El material sanitario dentro de un estabilizador de electricidad en la Clínica del Niño y la Familia de San Francisco Solano provocó un incendio que combatieron los propios trabajadores y controlaron los Bomberos Voluntarios.
Una gasa dentro de un estabilizador de electricidad casi desencadena una tragedia en la Clínica del Niño y de la Familia de San Francisco Solano, donde se originó un incendio que debió ser sofocado rápidamente por los trabajadores del lugar mientras aguardaban por la llegada de los Bomberos Voluntarios.
Las llamas se originaron en la mañana del lunes en el sector de análisis clínicos del establecimiento ubicado en 895 y 843 y, ante su rápido avance, los empleados tomaron los matafuegos disponibles y las extinguieron parcialmente. Una vez que arribaron, los servidores públicos realizaron las tareas de control y verificación con el objetivo de que el siniestro no se propagara hacia otros puntos.

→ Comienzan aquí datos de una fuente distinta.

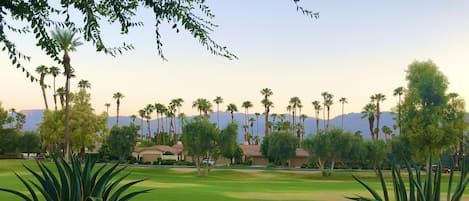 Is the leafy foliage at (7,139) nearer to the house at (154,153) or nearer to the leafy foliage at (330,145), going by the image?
the house at (154,153)

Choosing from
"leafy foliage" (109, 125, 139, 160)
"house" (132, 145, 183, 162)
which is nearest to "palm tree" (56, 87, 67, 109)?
"house" (132, 145, 183, 162)

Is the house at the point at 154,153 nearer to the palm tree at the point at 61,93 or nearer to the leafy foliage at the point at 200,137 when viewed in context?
the palm tree at the point at 61,93

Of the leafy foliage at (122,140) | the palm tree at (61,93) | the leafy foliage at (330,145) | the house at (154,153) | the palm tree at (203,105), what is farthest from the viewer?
the palm tree at (203,105)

En ese marco, comprobaron que el origen del foco ígneo había sido un estabilizador eléctrico, en cuyo interior había quedado una gasa, lo que, además, generó humo y preocupación entre el personal del establecimiento.
La anticipación de los profesionales de la clínica resultó fundamental, dado que no se registraron personas heridas ni fue necesaria la evacuación del edificio. Solo quedaron dañados el estabilizador y algunos cables del sistema eléctrico.
Tras concretar la revisión y la ventilación del sector afectado, los bomberos finalizaron el operativo y la actividad del sanatorio continuó su normal desarrollo. Quedó bajo investigación cómo una gasa terminó dentro de ese equipo eléctrico.